Once a diagnosis has been made, the diagnosis is output in the form of a list.suspect event. A list.suspect event is an event comprised of one or more possible fault or defect events. Sometimes the diagnosis cannot narrow the cause of errors to a single fault or defect. For example, the underlying problem might be a broken wire connecting controllers to the main system bus. The problem might be with a component on the bus or with the bus itself. In this specific case, the list.suspect event will contain multiple fault events: one for each controller attached to the bus, and one for the bus itself.
In addition to describing the fault that was diagnosed, a fault event also contains four payload members for which the diagnosis is applicable.
The resource is the component that was diagnosed as faulty. The fmdump(1M) command shows this payload member as “Problem in.”
The Automated System Recovery Unit (ASRU) is the hardware or software component that must be disabled to prevent further error symptoms from occurring. The fmdump(1M) command shows this payload member as “Affects.”
The Field Replaceable Unit (FRU) is the component that must be replaced or repaired to fix the underlying problem.
The Label payload is a string that gives the location of the FRU in the same form as it is printed on the chassis or motherboard, for example next to a DIMM slot or PCI card slot. The fmdumpcommand shows this payload member as “Location.”

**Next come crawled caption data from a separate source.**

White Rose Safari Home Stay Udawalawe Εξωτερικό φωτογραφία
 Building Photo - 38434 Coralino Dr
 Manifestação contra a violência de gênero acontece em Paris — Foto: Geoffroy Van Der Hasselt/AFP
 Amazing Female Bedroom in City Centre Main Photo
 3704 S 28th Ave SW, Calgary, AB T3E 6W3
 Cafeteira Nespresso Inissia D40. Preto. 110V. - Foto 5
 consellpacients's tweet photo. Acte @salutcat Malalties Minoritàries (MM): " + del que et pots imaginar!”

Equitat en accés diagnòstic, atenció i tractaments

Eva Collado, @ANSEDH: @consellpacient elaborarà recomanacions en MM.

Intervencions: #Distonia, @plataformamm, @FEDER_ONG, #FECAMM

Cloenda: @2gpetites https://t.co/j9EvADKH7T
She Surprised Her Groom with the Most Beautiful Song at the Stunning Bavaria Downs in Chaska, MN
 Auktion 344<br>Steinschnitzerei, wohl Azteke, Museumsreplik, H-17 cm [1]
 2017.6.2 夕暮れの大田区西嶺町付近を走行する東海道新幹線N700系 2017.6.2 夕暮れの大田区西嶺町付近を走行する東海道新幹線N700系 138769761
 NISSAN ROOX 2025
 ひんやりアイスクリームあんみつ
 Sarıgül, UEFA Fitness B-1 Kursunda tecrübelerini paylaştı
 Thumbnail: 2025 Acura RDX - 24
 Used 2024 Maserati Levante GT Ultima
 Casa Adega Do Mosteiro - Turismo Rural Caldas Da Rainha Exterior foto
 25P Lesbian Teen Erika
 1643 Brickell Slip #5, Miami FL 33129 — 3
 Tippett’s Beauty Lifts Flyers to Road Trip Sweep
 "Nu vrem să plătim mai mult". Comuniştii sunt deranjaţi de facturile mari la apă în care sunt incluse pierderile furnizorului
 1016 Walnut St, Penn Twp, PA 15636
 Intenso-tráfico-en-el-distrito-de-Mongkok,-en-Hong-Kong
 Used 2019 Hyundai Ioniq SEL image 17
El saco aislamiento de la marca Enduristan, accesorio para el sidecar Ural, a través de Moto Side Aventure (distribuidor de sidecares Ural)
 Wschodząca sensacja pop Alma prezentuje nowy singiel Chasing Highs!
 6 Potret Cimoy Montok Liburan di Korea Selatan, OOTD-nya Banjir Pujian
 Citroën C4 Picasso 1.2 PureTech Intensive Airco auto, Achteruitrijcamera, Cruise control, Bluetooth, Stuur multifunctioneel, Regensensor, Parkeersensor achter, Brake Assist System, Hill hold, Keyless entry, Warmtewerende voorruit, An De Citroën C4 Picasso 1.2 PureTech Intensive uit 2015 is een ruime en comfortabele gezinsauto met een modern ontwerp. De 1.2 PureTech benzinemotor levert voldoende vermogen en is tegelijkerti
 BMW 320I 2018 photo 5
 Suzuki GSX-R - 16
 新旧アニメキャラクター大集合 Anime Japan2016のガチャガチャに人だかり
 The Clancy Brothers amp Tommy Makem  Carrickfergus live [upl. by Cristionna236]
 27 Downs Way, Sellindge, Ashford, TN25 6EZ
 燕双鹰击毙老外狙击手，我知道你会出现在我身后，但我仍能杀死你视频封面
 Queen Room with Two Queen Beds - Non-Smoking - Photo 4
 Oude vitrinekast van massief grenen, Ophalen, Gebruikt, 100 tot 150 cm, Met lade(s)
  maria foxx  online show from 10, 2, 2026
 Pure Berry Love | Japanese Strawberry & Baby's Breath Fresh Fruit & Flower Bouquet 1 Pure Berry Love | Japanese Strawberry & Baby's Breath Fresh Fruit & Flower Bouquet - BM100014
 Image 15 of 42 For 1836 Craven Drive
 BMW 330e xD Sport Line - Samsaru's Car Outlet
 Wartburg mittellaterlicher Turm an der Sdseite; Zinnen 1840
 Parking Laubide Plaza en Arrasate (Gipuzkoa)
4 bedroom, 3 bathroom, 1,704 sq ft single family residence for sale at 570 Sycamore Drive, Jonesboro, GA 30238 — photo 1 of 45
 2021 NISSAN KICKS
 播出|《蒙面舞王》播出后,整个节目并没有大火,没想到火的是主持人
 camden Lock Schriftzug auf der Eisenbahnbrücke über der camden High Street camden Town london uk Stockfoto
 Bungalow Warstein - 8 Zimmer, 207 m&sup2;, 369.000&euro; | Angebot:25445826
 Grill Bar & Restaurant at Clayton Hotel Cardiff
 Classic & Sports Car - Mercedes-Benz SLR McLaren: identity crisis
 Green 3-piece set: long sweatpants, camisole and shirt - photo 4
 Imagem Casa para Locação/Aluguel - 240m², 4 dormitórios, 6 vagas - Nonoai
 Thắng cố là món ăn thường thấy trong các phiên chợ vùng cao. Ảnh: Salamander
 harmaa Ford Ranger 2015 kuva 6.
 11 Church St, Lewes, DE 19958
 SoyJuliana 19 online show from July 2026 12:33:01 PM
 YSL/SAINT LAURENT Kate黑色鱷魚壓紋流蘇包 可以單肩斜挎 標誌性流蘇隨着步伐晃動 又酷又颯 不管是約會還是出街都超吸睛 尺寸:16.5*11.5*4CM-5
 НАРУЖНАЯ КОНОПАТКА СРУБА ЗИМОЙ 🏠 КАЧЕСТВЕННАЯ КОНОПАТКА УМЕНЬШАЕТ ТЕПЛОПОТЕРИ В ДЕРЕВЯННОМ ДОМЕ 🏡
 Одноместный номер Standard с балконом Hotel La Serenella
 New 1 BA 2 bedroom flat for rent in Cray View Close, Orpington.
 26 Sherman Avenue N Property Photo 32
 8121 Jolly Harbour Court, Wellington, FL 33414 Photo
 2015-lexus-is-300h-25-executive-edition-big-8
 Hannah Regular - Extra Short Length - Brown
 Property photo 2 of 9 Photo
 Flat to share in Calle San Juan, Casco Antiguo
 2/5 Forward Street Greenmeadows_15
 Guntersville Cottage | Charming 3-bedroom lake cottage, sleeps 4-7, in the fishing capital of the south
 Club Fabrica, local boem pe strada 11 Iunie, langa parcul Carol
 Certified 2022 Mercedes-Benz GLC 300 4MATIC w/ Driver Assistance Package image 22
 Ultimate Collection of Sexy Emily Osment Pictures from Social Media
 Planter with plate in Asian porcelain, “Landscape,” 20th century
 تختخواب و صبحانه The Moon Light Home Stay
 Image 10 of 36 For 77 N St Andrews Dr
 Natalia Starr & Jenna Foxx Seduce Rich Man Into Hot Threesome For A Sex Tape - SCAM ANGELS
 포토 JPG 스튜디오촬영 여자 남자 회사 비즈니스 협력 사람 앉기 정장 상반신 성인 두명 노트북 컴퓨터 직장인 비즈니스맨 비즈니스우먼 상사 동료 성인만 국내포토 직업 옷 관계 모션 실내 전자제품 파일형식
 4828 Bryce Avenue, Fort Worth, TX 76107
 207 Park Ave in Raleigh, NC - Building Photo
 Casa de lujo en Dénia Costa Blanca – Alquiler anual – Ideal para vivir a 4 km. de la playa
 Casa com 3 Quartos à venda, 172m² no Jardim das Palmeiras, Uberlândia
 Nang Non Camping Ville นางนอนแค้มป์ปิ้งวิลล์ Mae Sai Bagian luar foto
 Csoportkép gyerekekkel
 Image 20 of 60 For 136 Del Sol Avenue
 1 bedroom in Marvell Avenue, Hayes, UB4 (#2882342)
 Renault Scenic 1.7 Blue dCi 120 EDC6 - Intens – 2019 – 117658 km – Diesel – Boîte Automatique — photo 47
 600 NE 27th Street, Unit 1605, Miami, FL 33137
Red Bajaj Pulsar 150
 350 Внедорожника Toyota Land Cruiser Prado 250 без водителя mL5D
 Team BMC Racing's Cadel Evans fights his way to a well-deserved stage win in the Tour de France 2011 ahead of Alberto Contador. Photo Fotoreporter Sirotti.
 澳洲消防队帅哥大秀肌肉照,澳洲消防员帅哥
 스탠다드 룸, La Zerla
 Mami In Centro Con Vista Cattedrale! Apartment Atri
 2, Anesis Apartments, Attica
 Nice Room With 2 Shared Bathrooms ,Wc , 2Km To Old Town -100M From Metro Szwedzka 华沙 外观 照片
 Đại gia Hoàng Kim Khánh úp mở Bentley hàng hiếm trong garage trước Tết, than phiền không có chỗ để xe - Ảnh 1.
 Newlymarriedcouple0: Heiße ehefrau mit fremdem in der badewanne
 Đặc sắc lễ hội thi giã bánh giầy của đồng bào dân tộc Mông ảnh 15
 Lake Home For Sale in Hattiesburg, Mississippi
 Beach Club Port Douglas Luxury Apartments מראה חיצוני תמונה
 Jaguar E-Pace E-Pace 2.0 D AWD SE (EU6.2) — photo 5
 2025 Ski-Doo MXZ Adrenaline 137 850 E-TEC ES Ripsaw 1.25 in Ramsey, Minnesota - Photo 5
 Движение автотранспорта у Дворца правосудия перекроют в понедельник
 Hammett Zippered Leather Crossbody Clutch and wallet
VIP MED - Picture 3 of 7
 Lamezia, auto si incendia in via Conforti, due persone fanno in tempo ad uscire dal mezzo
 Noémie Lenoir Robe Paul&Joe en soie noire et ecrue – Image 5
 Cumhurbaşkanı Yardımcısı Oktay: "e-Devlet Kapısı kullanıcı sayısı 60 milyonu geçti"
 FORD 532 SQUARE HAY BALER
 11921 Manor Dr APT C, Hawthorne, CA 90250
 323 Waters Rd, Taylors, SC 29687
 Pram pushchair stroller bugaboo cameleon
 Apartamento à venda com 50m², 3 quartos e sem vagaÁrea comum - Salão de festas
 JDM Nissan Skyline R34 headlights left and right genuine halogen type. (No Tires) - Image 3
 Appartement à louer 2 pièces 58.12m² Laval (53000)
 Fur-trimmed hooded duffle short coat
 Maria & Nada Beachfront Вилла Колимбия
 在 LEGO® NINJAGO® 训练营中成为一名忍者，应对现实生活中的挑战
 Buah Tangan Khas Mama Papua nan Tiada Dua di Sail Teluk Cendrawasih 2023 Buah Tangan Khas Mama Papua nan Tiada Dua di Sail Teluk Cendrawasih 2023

For example, after receiving a certain number of ECC correctable errors in a given amount of time for a particular memory location, the CPU and memory diagnosis engine issues a diagnosis (list.suspect event) for a faulty DIMM.
# fmdump -v -u 38bd6f1b-a4de-4c21-db4e-ccd26fa8573c TIME UUID SUNW-MSG-ID Oct 31 13:40:18.1864 38bd6f1b-a4de-4c21-db4e-ccd26fa8573c AMD-8000-8L 100% fault.cpu.amd.icachetag Problem in: hc:///motherboard=0/chip=0/cpu=0 Affects: cpu:///cpuid=0 FRU: hc:///motherboard=0/chip=0 Location: SLOT 2 |
In this example, fmd(1M) has identified a problem in a resource, specifically a CPU (hc:///motherboard=0/chip=0/cpu=0). To suppress further error symptoms and to prevent an uncorrectable error from occurring, an ASRU, (cpu:///cpuid=0), is identified for retirement. The component that needs to be replaced is the FRU (hc:///motherboard=0/chip=0).